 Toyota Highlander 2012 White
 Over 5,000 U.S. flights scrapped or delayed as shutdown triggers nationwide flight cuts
...
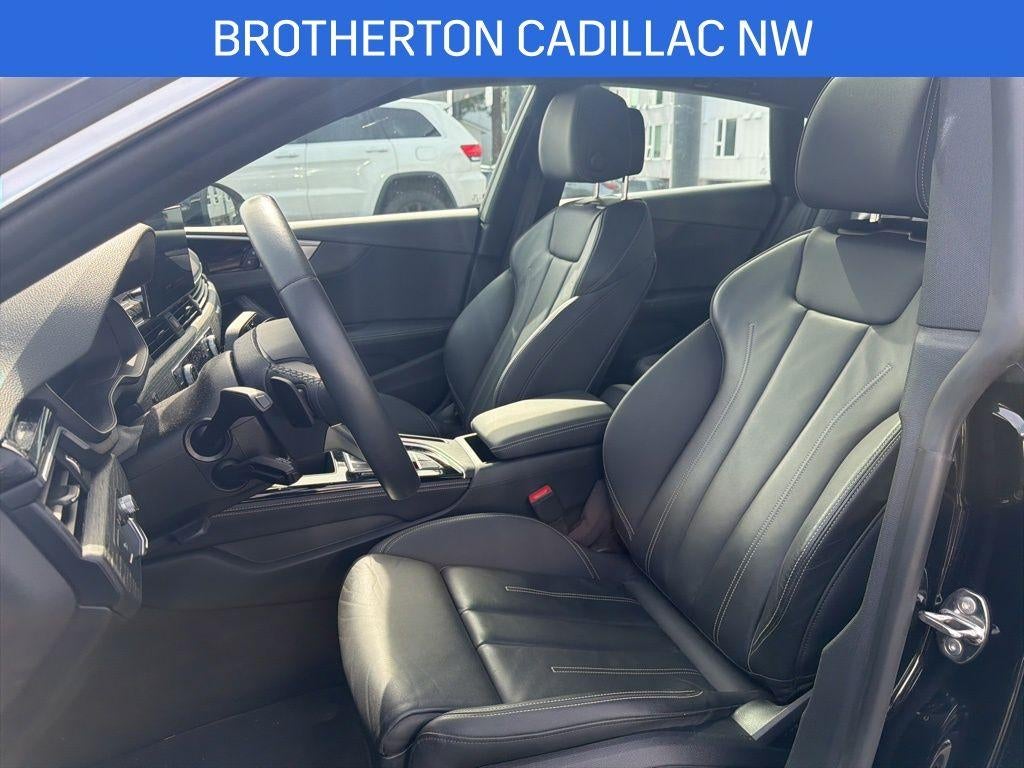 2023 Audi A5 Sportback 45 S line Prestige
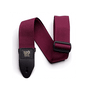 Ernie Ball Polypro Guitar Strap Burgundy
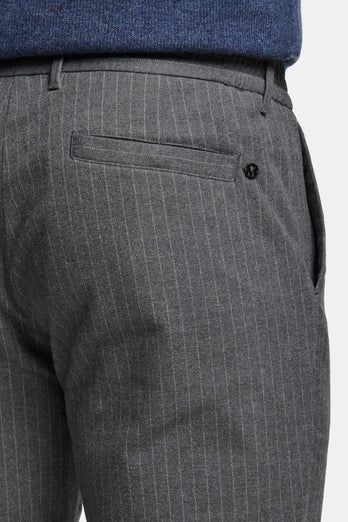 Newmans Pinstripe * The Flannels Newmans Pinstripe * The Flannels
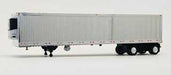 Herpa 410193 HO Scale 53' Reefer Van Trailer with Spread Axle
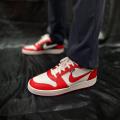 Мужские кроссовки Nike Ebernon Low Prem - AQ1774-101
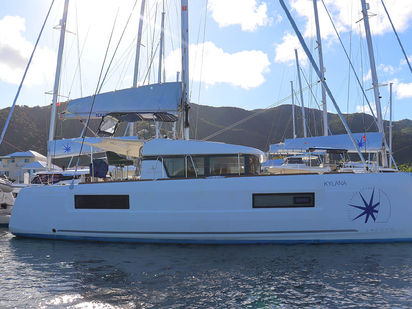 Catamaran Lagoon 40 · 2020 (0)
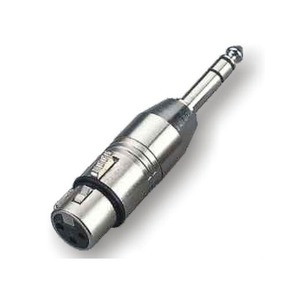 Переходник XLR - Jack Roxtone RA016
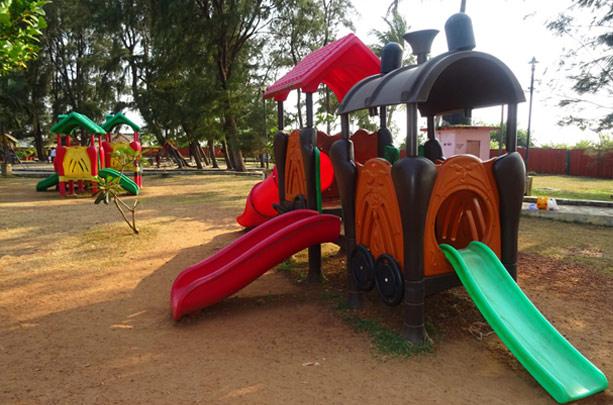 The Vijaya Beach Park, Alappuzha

What to do:
Of the lines above, copy only those from the one holding "Catamaran Lagoon 40 · 2020 (0)" to the one holding "The Vijaya Beach Park, Alappuzha", both included, and exclude every image.

Answer section:
 Catamaran Lagoon 40 · 2020 (0)
 Переходник XLR - Jack Roxtone RA016
 The Vijaya Beach Park, Alappuzha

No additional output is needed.